Some of the books i feature here are astonishing in their depth or scope, in the magnificence (I'm not exaggerating) of their text or illustrations. Many titles in many ways reveal less that is "new" but much that is conveyed in moving and original ways. 

VIKING PRESS, 2026


Then there are some picture books that simply strike chords of familiar, important, heart-touching elements in ways that deserve attention. Books that will become huggable favorites. Books that will be saved to read again and again, and then on into adulthood to a next generation. The SWEATER: A Story of Community strikes me as that kind of book. Written by Larissa Theule and illustrated by Teagan White, there is actually very little that seems extraordinary in this reader-friendly book. 

The author's narrative is direct and simple, but carries the weight of understanding:

"... a little bird stumbled into the thicket. It was plain to see he'd been though some things."

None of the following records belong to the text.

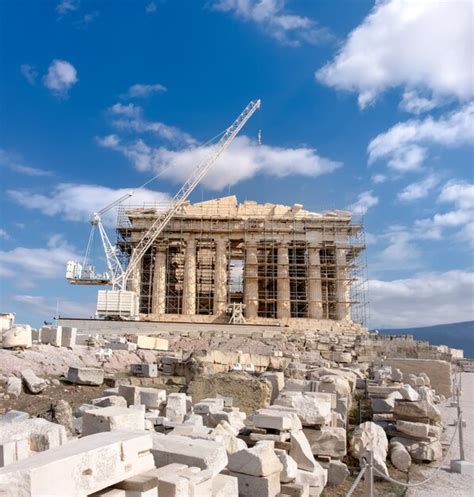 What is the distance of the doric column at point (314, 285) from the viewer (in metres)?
36.4

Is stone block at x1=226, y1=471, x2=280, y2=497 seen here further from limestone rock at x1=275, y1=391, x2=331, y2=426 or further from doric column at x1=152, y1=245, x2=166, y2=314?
doric column at x1=152, y1=245, x2=166, y2=314

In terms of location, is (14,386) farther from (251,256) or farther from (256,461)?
(251,256)

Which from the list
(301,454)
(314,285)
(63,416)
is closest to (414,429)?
(301,454)

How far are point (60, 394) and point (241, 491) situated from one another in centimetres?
676

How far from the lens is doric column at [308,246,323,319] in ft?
119

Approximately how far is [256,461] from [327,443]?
2286 millimetres

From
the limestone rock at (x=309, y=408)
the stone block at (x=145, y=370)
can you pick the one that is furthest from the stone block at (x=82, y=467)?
the stone block at (x=145, y=370)

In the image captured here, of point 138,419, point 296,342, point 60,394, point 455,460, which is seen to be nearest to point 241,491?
point 138,419

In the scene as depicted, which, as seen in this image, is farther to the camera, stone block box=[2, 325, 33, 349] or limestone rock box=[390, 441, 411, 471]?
stone block box=[2, 325, 33, 349]

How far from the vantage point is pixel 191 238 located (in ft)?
126

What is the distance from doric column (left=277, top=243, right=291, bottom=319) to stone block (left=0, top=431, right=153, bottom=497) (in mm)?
33251

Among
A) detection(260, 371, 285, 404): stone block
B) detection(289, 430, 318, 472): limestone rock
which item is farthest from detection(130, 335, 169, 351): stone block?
detection(289, 430, 318, 472): limestone rock

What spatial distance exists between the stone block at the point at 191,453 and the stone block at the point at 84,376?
710cm

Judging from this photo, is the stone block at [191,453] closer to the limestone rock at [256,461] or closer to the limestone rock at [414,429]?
the limestone rock at [256,461] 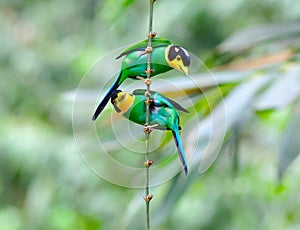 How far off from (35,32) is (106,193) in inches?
33.2

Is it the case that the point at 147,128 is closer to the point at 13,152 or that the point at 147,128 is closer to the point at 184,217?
the point at 184,217

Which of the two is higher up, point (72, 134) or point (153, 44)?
point (72, 134)

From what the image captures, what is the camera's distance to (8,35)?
2508 mm

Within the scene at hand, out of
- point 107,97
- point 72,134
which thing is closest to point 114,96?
point 107,97

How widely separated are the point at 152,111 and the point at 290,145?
29cm

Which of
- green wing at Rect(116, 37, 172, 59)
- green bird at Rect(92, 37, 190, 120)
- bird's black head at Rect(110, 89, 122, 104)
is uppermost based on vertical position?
green wing at Rect(116, 37, 172, 59)

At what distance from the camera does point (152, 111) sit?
0.31 meters

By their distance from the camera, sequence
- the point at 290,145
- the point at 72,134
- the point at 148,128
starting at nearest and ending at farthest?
the point at 148,128
the point at 290,145
the point at 72,134

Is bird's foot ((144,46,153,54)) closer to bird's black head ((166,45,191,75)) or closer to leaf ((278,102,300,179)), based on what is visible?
bird's black head ((166,45,191,75))

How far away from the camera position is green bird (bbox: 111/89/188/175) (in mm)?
310

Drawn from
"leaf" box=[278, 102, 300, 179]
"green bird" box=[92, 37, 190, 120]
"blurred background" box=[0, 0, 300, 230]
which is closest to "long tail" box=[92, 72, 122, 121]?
"green bird" box=[92, 37, 190, 120]

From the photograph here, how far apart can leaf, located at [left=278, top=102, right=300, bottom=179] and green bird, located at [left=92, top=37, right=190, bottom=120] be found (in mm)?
270

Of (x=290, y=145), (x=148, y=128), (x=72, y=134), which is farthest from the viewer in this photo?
(x=72, y=134)

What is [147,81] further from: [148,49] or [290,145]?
[290,145] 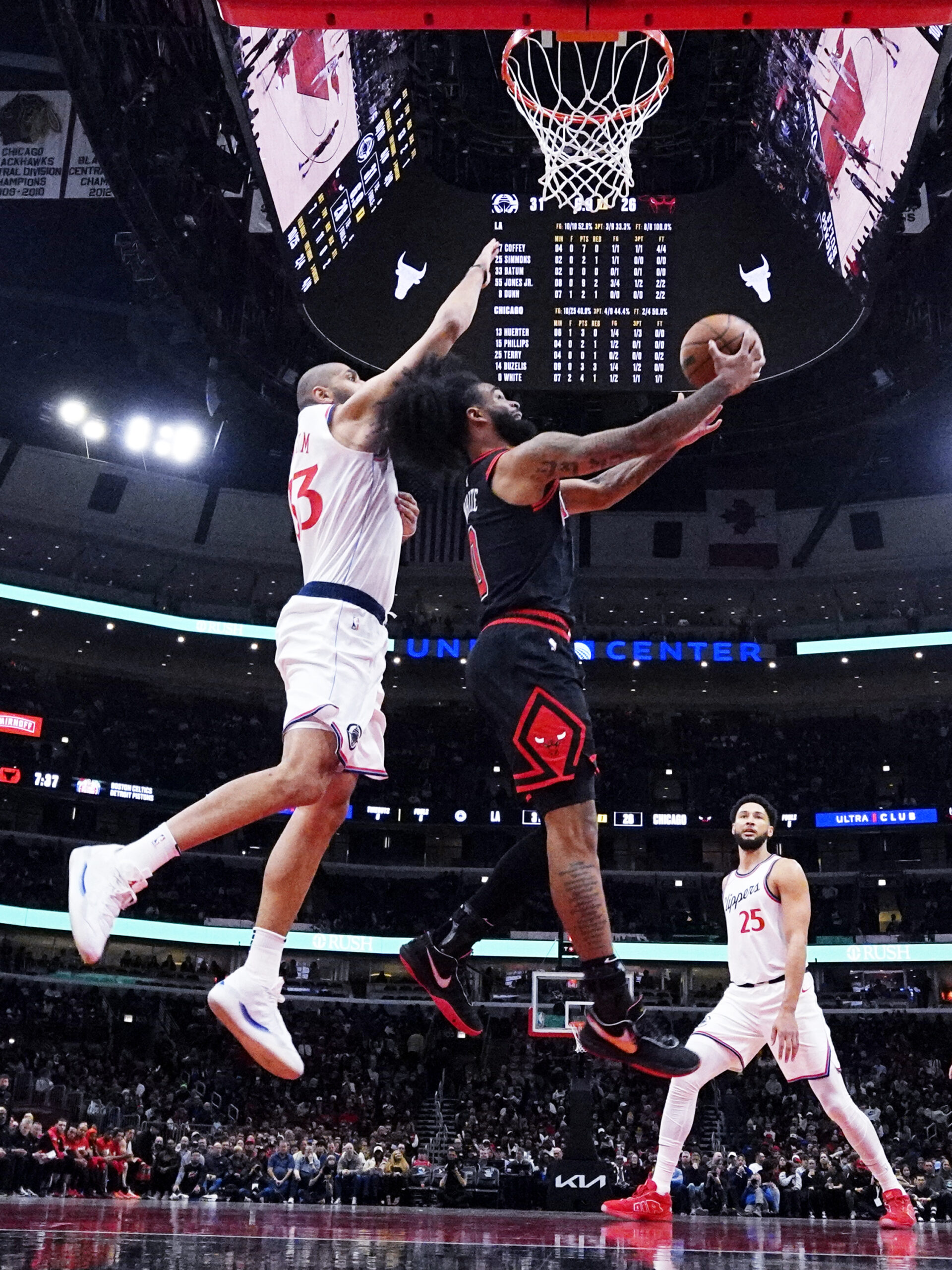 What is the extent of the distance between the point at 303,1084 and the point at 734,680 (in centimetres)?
1663

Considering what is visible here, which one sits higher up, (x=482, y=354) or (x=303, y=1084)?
(x=482, y=354)

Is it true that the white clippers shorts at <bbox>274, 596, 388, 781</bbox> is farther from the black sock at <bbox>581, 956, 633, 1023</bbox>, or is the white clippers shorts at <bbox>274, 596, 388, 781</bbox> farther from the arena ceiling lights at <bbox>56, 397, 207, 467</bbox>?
the arena ceiling lights at <bbox>56, 397, 207, 467</bbox>

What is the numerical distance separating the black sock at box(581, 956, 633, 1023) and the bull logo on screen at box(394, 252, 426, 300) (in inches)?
544

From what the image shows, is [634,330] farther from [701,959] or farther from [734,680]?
[734,680]

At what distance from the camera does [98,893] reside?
4613 millimetres

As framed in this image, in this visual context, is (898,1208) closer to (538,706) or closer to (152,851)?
(538,706)

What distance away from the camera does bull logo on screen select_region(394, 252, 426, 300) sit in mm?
16906

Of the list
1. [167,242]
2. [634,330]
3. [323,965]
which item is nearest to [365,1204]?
[634,330]

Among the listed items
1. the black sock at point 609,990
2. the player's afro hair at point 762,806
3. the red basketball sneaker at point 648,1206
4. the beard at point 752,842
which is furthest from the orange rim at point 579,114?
the red basketball sneaker at point 648,1206

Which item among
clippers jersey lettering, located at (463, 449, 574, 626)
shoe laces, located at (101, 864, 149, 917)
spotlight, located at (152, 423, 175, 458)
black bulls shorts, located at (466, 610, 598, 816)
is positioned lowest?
shoe laces, located at (101, 864, 149, 917)

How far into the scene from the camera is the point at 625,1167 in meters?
20.2

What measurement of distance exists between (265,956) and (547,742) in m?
1.40

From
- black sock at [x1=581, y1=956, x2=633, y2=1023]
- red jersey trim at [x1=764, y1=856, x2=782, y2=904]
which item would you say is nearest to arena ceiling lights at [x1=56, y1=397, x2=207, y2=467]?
red jersey trim at [x1=764, y1=856, x2=782, y2=904]

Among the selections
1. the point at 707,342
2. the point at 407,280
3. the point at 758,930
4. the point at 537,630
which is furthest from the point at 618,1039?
the point at 407,280
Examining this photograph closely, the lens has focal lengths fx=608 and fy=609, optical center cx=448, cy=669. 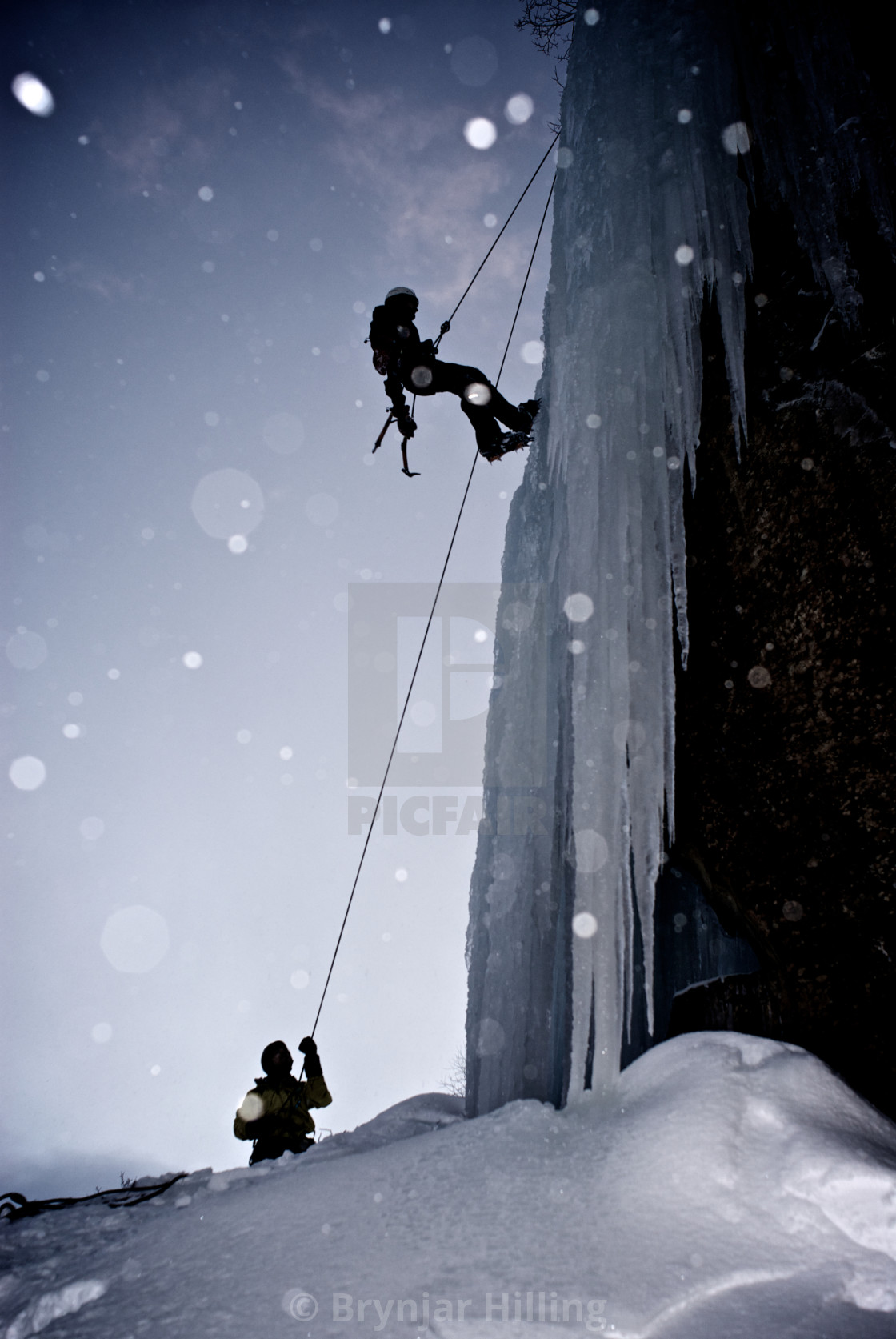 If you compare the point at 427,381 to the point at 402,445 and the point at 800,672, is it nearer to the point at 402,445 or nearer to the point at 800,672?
the point at 402,445

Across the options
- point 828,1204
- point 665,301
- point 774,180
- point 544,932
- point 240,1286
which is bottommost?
point 240,1286

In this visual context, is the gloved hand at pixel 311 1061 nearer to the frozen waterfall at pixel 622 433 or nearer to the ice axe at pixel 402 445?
the frozen waterfall at pixel 622 433

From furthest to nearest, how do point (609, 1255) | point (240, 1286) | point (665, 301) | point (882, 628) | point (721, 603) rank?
point (665, 301), point (721, 603), point (882, 628), point (240, 1286), point (609, 1255)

The storytelling allows readers to sense concern, potentially even risk, without feeling undo threat to worry. The little bird's discovery of a vacant hole in a tree could easily be the wrap to his part of the story. But empathy and awareness of the coming winter and the challenges to even healthy lives in the face of Mother Nature  leads the central character, Holly the raccoon, to express concern for the little bird to the others in the woods. Yes, you can guess that decisions are made, domino effects unfold, scraps of offerings are knit into whole resources. That, my friends, is a metaphor for community. The glory of this simple account is in both its familiarity and in the freshness of word and images.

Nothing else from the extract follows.